Kellogg defines urban ecological alienation as “the fact that many urban residents, particularly youth, are highly estranged, highly alienated, and highly separated from environments in which they live.”
According to Kellogg, this is due to a variety of factors. In his book, he traces this alienation back to “nature-society dualism as a whole.” This theory is the idea that the city is a human-created environment and is completely separate from nature. The other cause of urban ecological alienation, says Kellogg, is that “within ecology there's been this prevalent idea that if you want to study the environment, it's necessary to go outside of the city to experience pure nature or true nature – in that the urban environment is polluted, degraded, less interesting, and not really worthy of serious study. That's changed a lot recently within the field of urban ecology.”
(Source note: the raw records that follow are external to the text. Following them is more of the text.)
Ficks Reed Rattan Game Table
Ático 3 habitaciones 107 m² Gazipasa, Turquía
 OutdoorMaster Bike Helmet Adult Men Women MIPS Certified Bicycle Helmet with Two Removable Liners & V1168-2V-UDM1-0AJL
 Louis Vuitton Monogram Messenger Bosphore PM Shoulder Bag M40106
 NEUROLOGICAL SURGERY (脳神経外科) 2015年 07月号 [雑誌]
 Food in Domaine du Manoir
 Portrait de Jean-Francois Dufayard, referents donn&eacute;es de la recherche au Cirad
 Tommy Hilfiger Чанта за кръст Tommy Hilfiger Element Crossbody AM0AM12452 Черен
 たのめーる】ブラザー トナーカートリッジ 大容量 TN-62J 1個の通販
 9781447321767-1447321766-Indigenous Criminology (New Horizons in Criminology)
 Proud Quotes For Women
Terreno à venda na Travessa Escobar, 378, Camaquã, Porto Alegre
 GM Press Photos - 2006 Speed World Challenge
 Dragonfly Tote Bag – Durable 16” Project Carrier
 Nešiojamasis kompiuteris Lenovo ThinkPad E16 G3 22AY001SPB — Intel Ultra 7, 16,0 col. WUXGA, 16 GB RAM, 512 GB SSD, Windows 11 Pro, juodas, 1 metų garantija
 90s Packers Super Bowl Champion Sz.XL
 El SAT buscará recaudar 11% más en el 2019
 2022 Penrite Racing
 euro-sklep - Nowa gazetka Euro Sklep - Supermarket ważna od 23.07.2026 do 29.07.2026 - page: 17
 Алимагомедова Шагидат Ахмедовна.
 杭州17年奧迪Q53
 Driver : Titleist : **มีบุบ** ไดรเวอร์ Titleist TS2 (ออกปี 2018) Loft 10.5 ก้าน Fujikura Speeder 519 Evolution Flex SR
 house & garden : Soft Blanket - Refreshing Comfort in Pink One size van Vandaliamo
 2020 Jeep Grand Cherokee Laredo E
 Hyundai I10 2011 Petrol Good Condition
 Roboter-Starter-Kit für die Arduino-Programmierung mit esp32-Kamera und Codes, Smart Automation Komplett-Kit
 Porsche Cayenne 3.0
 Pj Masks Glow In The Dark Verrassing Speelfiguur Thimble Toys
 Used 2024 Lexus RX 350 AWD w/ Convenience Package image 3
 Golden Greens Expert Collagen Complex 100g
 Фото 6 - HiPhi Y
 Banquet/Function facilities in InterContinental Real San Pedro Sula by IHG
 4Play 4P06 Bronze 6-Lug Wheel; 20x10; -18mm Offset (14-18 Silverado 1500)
With the advent of urban ecological justice, ecologists can now be found looking at the human, social and economic processes as part of the urban ecosystem. Why? “Because we define ecosystems as being community organisms living with, and interacting with the living and nonliving aspects of the environment, and by that definition cities most certainly are ecosystems – not necessarily healthy or high functioning ones, but once we identify them as such, we can ask the questions, how they can be improved,” says Kellogg.
Kellogg emphasizes that when asking how to improve urban ecosystems, we need to think not just about the economic and environmental factors, but about the social factors as well – something that has been neglected.
“Over the past couple decades there's really been a disproportionate emphasis put upon the economic and sort of enviro-technical aspects of sustainability and really a decentering of matters of justice and equity and fairness, race and class, the social pillar, so to say, of sustainability,” says Kellogg.
To challenge the neglect, Kellogg asks “how we can be proactive… how can we ensure that there's going to be equitable distribution of environmental amenities, the good things like parks, gardens, public transportation, renewable energy among all the cities populace?” The tricky part to the solution is equitable distribution of environmental amenities “without triggering a subsequent environmental ecological gentrification,” asserts Kellogg.
Based on Kellogg’s expert analysis, it’s necessary to simultaneously emphasize studying the urban ecosystem as an ecosystem and also the center of the social pillar of sustainability. This means urban ecologists must ask the tough questions around equitable distribution and access to environmental resources in order to create a sustainable future for all.